Il tempo ci prese le mani,
legò i nostri sogni e li spinse lontani
da noi e dal nostro volere,
da noi e dal nostro potere.

Il tempo si sa non sconta la pena,
è solo impiegato del duro destino
e recita in parte tutta la scena,
e arriva puntuale all’ora di cena.

Il tempo non lascia niente a nessuno,
che il rimpianto si perda fra la sterpaglia,
nei campi d’arare,

nelle sorgive di vita ,
fra le secche d’amore,
o semplicemente riposi leggero sopra la merda.

IX.

Un giorno due tizi alquanto patrizi
fermarono me e il mio prode scudiero,
vestiti di seta con bande traverse in colori brillanti
portavano a braccio delle armi pesanti
mi chiesero dove, perché e chi ero.

“signori davvero chi son’ io non so
e neppure in vero perché e davvero,
davvero vi giuro in che luogo mi trovo.”

“Non scherziamo avanti
ragazzo i documenti
la firma, la foto, il codice, il bollo del noto.”

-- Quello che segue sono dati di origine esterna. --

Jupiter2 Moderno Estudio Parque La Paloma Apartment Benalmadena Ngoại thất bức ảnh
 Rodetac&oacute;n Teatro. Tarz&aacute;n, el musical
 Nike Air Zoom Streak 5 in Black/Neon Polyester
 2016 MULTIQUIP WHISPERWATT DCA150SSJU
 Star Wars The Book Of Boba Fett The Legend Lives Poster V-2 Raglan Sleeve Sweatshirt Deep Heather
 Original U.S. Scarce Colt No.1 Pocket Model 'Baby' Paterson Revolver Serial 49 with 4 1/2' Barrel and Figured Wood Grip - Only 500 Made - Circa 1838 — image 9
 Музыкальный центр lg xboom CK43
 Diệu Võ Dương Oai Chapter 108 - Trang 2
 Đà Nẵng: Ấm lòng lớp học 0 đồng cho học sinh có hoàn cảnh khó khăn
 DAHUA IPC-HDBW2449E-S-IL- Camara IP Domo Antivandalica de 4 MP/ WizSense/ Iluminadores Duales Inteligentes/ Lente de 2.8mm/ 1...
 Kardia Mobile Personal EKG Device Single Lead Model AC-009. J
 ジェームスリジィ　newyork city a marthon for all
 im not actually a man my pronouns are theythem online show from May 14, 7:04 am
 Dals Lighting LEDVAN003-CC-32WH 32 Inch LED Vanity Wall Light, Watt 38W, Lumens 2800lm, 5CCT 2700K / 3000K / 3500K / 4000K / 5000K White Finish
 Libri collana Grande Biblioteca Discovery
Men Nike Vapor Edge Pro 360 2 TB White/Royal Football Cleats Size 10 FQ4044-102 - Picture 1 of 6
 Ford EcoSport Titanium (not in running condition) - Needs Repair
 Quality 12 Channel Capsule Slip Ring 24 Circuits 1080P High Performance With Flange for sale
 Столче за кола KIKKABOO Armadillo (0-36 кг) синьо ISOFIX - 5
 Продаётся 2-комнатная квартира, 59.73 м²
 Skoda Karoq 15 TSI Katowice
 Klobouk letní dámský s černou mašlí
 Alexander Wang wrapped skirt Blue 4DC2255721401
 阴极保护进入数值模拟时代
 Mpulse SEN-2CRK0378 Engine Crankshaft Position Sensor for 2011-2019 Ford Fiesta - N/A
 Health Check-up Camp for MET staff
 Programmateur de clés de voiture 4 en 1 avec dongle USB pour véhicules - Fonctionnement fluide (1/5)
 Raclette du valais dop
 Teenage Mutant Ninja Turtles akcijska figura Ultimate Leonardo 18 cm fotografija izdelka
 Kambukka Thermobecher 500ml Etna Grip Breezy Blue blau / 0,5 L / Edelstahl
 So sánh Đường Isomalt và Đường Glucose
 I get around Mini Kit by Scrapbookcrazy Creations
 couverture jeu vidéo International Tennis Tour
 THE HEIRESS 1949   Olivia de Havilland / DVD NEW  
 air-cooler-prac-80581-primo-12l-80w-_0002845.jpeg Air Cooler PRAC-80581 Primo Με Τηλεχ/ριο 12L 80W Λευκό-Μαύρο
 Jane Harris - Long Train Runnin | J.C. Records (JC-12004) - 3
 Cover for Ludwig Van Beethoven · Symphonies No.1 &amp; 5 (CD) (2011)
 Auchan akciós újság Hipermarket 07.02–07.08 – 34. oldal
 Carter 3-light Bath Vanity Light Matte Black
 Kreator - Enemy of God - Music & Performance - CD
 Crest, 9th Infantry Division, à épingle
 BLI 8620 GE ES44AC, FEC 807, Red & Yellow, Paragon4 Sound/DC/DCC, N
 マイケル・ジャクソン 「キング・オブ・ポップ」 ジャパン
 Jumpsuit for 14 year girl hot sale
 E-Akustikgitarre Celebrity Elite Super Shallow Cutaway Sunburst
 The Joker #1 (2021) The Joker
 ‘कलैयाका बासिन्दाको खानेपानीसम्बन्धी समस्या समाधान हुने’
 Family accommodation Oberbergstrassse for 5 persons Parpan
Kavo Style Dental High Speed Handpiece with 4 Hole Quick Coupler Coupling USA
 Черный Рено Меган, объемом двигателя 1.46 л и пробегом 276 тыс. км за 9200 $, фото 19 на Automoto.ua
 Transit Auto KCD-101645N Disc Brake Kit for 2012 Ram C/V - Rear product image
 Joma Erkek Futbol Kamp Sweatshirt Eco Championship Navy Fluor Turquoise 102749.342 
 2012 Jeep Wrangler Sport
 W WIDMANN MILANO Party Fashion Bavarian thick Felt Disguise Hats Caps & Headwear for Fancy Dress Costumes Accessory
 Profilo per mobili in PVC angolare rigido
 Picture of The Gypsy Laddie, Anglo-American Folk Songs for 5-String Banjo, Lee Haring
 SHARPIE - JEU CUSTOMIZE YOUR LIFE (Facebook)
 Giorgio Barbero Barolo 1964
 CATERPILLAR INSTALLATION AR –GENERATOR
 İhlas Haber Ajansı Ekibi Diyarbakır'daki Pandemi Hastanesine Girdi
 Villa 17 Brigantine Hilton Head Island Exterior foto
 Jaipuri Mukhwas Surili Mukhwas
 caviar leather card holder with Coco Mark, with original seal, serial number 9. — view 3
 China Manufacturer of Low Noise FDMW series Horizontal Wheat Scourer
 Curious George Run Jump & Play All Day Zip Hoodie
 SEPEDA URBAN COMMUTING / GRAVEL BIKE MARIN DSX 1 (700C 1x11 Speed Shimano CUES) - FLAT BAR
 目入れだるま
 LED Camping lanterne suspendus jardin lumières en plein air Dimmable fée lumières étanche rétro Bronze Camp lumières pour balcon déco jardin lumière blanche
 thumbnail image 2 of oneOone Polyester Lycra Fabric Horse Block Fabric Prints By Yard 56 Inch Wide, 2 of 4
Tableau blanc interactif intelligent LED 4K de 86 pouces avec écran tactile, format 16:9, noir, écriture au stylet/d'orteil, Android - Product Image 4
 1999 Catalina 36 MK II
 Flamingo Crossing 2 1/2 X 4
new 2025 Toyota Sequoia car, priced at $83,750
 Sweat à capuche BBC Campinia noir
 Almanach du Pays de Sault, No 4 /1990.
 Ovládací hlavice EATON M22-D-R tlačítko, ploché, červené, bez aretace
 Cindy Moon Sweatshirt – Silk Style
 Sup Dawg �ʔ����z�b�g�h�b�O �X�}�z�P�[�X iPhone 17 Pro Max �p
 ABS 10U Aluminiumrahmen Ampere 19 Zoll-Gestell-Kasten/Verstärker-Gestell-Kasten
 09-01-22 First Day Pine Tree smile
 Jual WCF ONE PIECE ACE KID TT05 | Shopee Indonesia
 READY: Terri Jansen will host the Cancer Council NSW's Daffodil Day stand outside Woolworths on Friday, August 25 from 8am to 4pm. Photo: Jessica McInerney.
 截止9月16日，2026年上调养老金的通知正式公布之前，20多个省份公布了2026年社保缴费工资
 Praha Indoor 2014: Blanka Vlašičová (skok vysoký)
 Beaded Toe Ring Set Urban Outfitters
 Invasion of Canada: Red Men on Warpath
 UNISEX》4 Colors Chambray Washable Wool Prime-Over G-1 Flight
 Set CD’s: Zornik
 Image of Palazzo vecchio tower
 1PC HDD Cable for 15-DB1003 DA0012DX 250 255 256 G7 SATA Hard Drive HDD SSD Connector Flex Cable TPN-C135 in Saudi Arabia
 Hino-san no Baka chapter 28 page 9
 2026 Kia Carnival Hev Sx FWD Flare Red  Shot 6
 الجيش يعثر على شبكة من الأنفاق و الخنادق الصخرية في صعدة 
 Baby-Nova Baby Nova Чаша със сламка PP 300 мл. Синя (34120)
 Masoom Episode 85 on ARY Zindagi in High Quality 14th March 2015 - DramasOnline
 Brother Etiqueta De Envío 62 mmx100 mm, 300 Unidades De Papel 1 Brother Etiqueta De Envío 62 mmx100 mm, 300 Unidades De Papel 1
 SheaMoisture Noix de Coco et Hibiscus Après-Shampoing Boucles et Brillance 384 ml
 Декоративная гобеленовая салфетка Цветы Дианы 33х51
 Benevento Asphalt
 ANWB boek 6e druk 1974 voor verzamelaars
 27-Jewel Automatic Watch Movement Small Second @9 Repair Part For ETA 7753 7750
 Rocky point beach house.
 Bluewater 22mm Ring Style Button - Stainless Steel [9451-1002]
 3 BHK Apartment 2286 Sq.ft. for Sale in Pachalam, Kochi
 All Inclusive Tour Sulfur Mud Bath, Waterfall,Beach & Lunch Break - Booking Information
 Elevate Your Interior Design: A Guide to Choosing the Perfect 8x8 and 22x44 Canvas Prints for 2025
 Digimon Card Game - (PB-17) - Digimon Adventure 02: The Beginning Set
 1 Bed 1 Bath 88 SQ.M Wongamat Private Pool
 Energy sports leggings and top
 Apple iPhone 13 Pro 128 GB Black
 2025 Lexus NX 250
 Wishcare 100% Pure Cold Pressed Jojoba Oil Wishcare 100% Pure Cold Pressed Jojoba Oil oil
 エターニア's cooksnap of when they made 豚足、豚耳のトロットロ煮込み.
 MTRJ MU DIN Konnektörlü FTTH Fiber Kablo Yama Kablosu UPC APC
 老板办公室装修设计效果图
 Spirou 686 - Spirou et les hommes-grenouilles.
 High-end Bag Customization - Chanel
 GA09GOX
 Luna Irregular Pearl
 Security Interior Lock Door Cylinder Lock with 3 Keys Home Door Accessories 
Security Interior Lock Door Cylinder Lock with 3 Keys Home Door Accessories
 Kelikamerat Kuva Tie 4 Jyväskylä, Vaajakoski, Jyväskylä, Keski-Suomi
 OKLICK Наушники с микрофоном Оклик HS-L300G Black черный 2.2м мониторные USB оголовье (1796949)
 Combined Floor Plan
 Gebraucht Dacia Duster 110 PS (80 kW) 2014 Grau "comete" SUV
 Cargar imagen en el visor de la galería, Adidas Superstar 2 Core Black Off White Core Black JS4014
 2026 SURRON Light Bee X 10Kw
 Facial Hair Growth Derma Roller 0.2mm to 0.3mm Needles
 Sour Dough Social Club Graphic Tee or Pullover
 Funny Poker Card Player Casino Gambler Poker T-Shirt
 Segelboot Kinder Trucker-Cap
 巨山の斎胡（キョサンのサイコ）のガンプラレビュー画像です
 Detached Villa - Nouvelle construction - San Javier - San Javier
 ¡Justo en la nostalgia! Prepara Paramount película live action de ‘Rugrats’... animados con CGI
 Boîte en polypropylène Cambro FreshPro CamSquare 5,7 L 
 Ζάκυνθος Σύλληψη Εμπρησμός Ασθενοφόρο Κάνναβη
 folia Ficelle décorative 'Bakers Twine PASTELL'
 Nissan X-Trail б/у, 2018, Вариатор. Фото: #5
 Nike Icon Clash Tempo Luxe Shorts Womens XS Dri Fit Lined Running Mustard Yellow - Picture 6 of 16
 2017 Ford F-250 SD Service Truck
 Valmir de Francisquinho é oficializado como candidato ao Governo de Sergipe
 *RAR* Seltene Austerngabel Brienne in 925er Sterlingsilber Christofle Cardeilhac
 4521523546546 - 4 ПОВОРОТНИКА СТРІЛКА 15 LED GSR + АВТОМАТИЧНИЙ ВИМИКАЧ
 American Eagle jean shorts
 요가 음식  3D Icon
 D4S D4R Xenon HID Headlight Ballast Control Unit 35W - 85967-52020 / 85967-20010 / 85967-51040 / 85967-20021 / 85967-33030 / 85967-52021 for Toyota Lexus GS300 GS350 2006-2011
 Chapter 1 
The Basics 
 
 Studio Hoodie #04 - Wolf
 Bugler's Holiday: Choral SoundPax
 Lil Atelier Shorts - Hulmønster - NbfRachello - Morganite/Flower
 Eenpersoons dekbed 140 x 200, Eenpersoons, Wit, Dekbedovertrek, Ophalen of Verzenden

“Credete signori davvero non so
forse mia madre o mio padre, chissà,
che davvero mai loro chiesi niente,
non feci domande né volli verità.”

“Giovanotto basta corbellerie
che sono ‘ste libertà, queste parole, queste manie,”
io perdo le staffe” e l’altro “ attenzione alle mie.”

Così il più alto con tono sprezzante
indicando le carte del suo attendente:

“Voi dovete presentare,
il vostro esser
voi dovete, caro mio,
certificare,
confermare,
protocollare,
timbrare,

stralciare,
accatastare,
archiviare,
vidimare
e infine se a noi va’ voi, amico mio,
infine, potete, anche … potete,
Può?”

Rivolgendosi al collega che scrutava la mia piega.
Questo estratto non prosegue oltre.